According to the U.S. Bureau of Labor Statistics, 4.5 years is the average amount of time employees stay with their company today. It hurts an organization’s financials and morale , considering the amount of time they spend training. Can management learn from the past attrition and manage to reduce turnovers? Answer is yes. We will build some predicative models using the fictional IBM data set which contains 1470 employee attrition records.

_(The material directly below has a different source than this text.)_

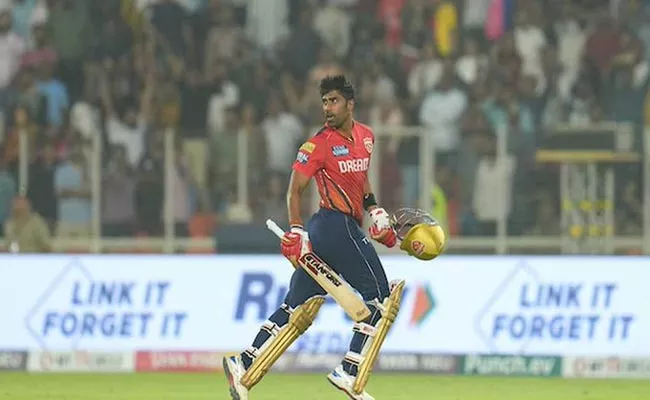 PBKS Shashank Singh In Run Chase In IPL 2024, People Are Calling Him As Real Chasing Master
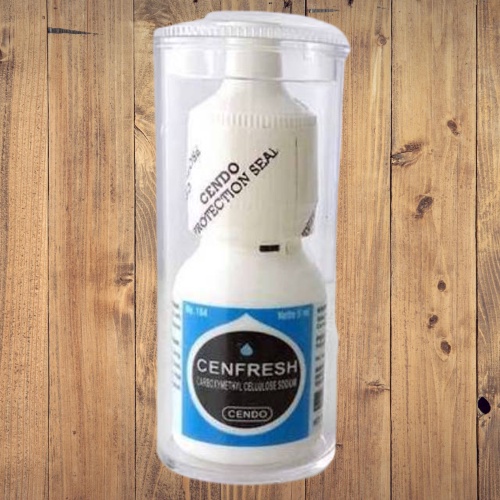CENDO CENFRESH 5ML TETES MATA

This post is part of a series of people analytics experiments I am putting together:

Job skill match (Recruitment )
Employee attrition prediction (Employee Management)
Pay gap by gender, ethnicity, profession (Employee Compensation) FUTURE WORK
Organizational network analysis (ONA) FUTURE WORK

Python code can be found on my GitHub.

employee lifecycle — image from https://www.unit4.com/applications/hr/human-resources-and-payroll

Data visualization

Demographic-related features

Analysis:

Turnover rate: 16.1%
Employees who left have an average age of 33.61, vs 37.56 for those that stay
Employee who is single has a relatively higher turnover rate
Employee who has a technical degree is more likely to leave

Work-related features

Analysis:

Sales department has a higher turnover rate
Employees with Sales and Lab Technician roles are at a higher risk leaving the org
The lower job levels, the higher turnovers
Employees who have longer career years and history with the company tend to stay

Compensation-related features

Analysis:

Employees with lower monthly income or daily rate are more likely to leave
Employees who have none stock options are most likely to exit

Employee-satisfaction-related features

Analysis:

Employees who are satisfied with their jobs and environment are likely to stay
Distance from home is a big factor – people who spend more time on commute are likely to exit
Employees who have a lot of overtimes are at higher risk of leaving

Train and Test Models

1470 attrition records are split to training (1176) and test data (294). Ten-fold validation is used for training.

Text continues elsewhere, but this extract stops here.